OBJECTIVES OF THE INVENTION
An object of the present invention is to provide a method of curing water-borne paint that enables
water- borne paints to be cured quickly.
According to the present invention there is provided a method of curing a water-borne paint that
has been applied as a liquid onto a substrate and forms a paint coating on the substrate, the
method including the steps of:
(a) heating the coated substrate to and holding it at a temperature that is below the boiling point of water in the paint and evaporating an amount of the water in the paint from the paint so that there is substantially no solvent boil (as described herein) of the paint coating on the substrate'after a subsequent curing step ; and
(b) heating the substrate in a subsequent curing step to a higher temperature than the evaporation temperature of step (a) and curing the paint
DETAILED DESCRIPTION
The applicant has found surprisingly that the above-described 2-stage curing method can produce a substrate, such as a metal coated steel strip, that has a paint coating with minimal solvent boil in a very short time period and that the method is a viable option for use on existing paint lines known to the

applicant without adversely affecting production rates and at a reasonable capital
cost. The 2-stage curing method is also a viable option as part of a paint line
retrofit to metal coating lines that do not include paint lines, and this is a very
important application of the present invention. In particular, the 2-stage curing
method does not require substantial space for equipment, and this is an important
consideration in relation to retrofitting to existing paint lines and metal coating
lines.
The term "cure" as used herein is understood to mean cross-linking
of thermosetting polymeric material in paint and drying thermoplastic polymeric
material.
The term "boiling point of water in the paint" is understood herein
to mean the lowest boiling point liquid in the paint. Due to boiling point
depression by slight amounts of solvent in paint, the "boiling point" is likely to be
that of a solvent/water azeotrope, not of pure water.
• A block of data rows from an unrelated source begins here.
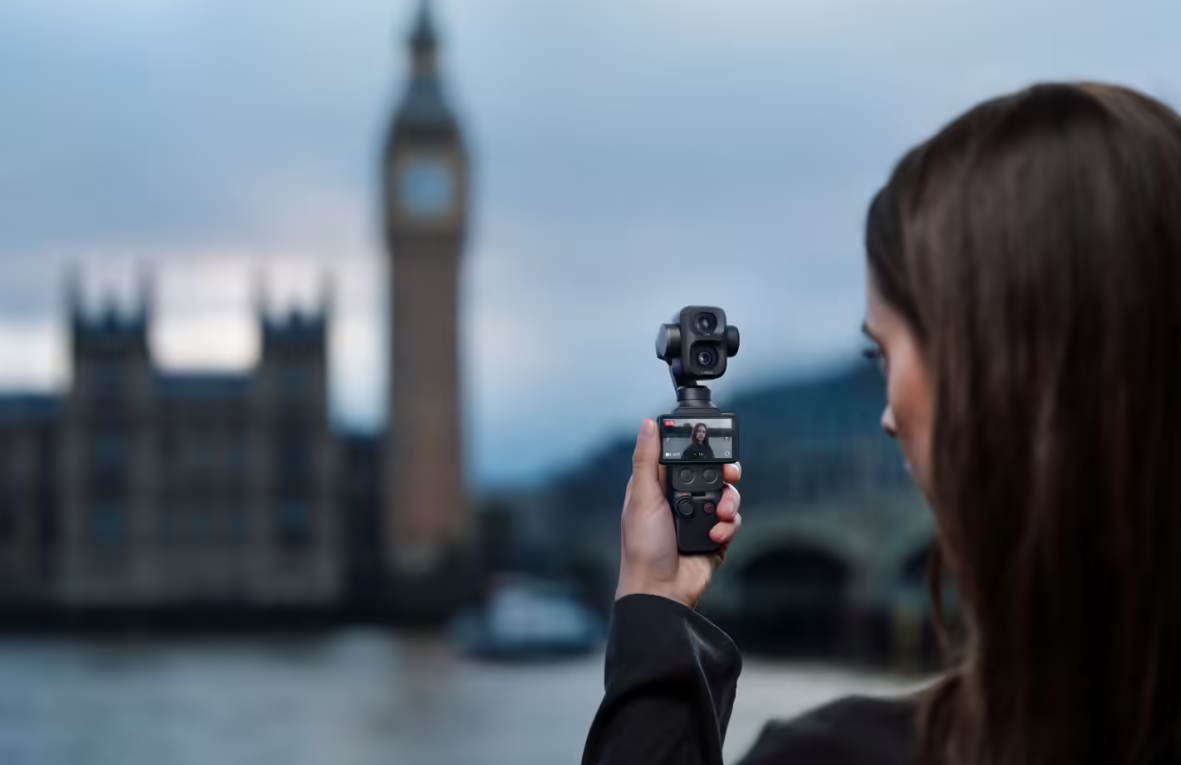 DJI unveils dual-camera Osmo Pocket 4P, first in Pocket series - TechNode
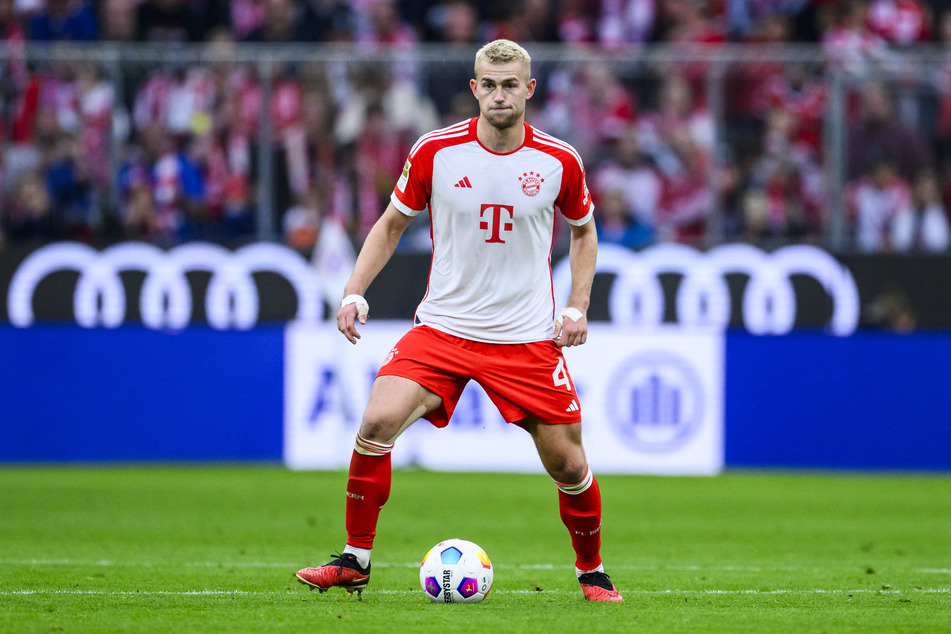 Matthijs de Ligt (24) hätte beim FC Bayern eigentlich einen Vertrag bis 2027.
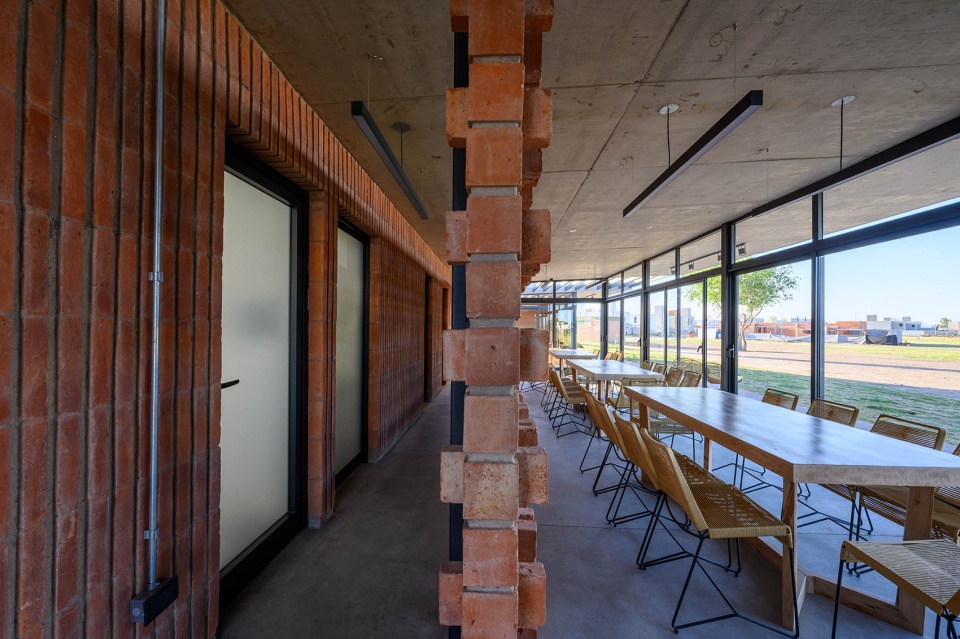 cc san ignacio community center argentina by edisur group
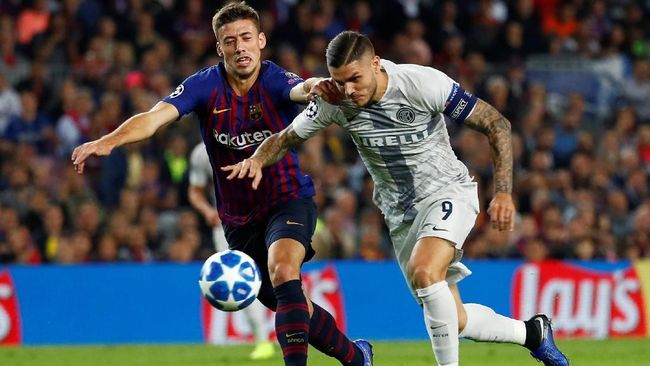 Jadwal Siaran Langsung Inter vs Barcelona di Liga Champions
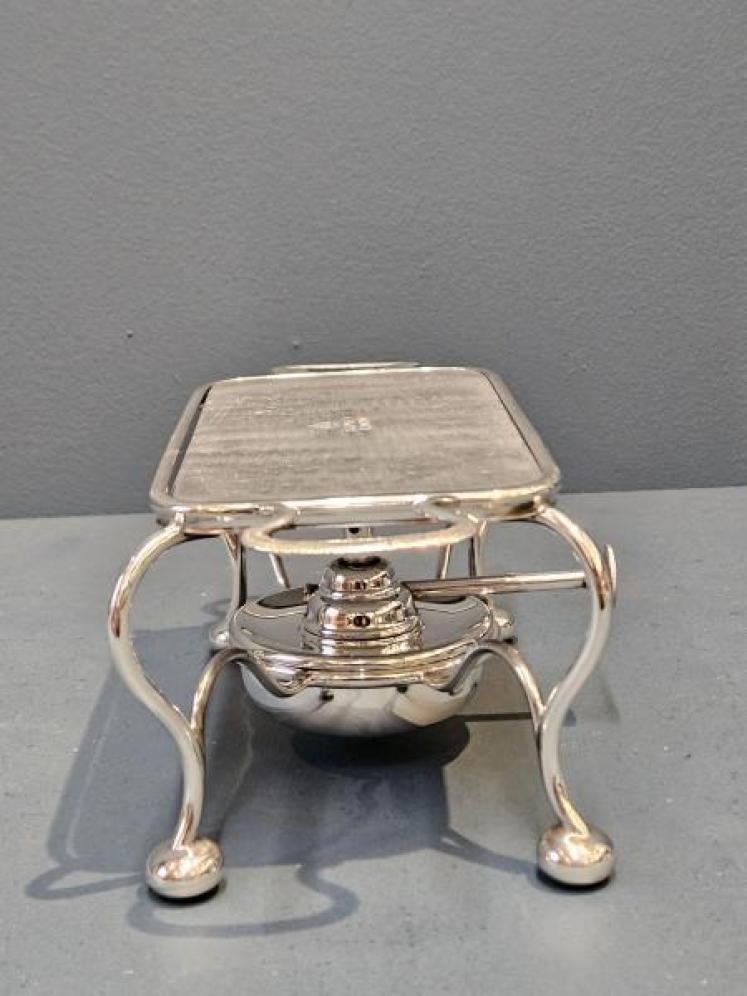 Rare Asprey's Silver Dish Warmer  - Image 5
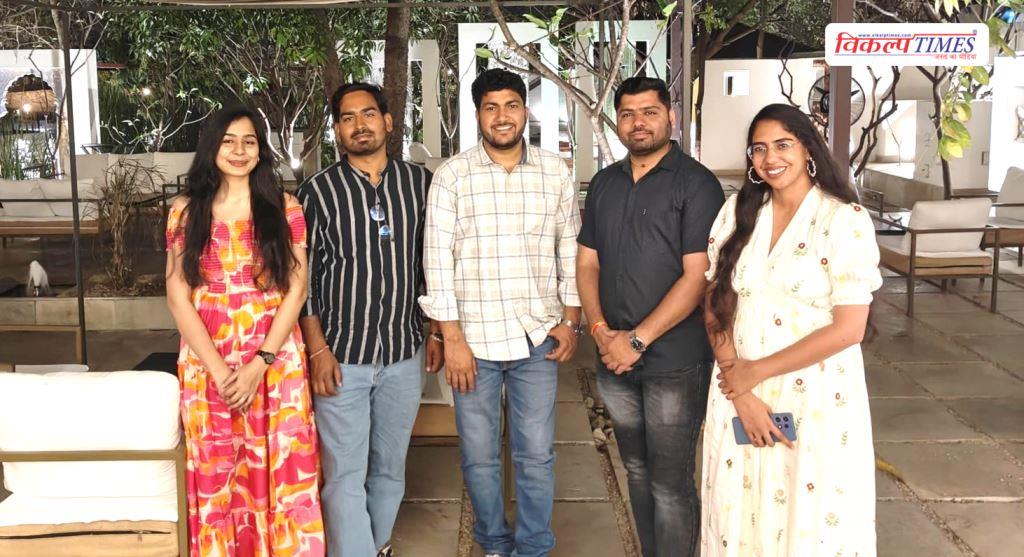 Professor Mukesh Meena Sawai Madhopur four of his students selected for RPSC Vikalp Times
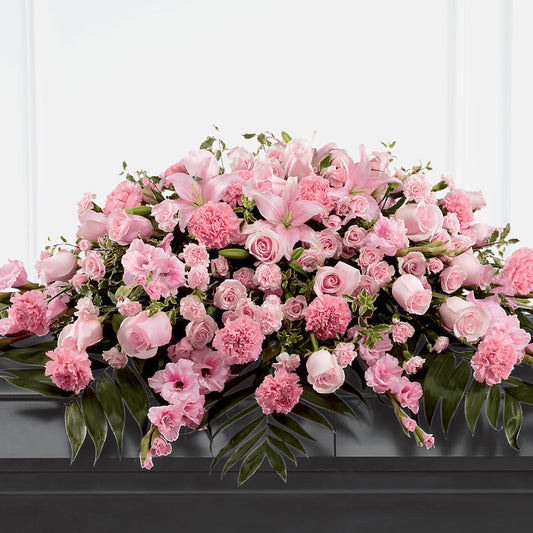 Garden of Comfort Casket Spray (Standard) –  One Million Roses Llc, Caldwell ID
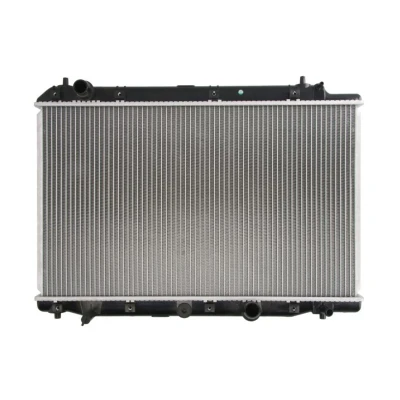 Imagem de THERMOTEC D74020TT Radiador, arrefecimento do motor Alumínio 395 648 26 Caixa de velocidades manual Aletas refrigeração soldadas HONDA: CR V 2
In general terms, the method of the present invention can achieve
very fast cures of water-borne coatings without significant solvent boil by heating
the coating rapidly, for example with induction or infra-red heating, in 2 stages
and preferably with a temperature hold zone between the 2 stages.
The purpose of the temperature hold zone, which should be
maintained a little below the boiling point of water (ie mostly <100°C at 1
atmosphere pressure), is to facilitate separation of the processes of evaporation
and boiling. By maintaining the thin wet waterborne films just below the boiling
point of water, the release of the majority of the water is fast but controlled by the
process of evaporation only in this hold section. With most of the water released in
this way, by the end of the hold zone the coating can then be ramped quickly
through the boiling point of water to the desired peak cure temperature.
Preferably step (a) includes evaporating a substantial amount of the
water in the paint.
The term "substantial amount of the water" is understood herein to
mean at least 50% by weight of the water in the paint.
Preferably step (a) evaporates at least 60% by weight of the water in
the paint.
Preferably step (a) includes holding the temperature at the
evaporation temperature for less than 5 seconds.
Preferably step (a) includes holding the temperature at the
evaporation temperature for 1-5 seconds.
Preferably the evaporation temperature is as close to the boiling
point of water in the paint (as defined herein) as possible.
Typically, the evaporation temperature is selected to be at least 5°C
lower than the boiling point of water in the paint - for line operation reasons to
avoid boiling the water in the paint.
More typically, the evaporation temperature is between 5 and 10°C
lower than the boiling point of water in the paint.
Preferably step (a) includes heating the coated substrate to the
evaporation temperature from a lower starting temperature.
Preferably step (a) includes ramping the temperature up to the
evaporation temperature from the starting temperature in less than 2 seconds.
More preferably step (a) includes ramping the temperature up to the
evaporation temperature from the starting temperature in 0.5-1.5 seconds.
Preferably step (a) includes supplying moving hot air to facilitate
evaporation of water in the paint.
Preferably step (b) includes heating the substrate to the higher
temperature in less than 6 seconds.
More preferably step (b) includes heating the substrate to the higher
temperature in less than 4 seconds.
It is preferred particularly that step (b) includes heating the
substrate to the higher temperature in less than 2 seconds.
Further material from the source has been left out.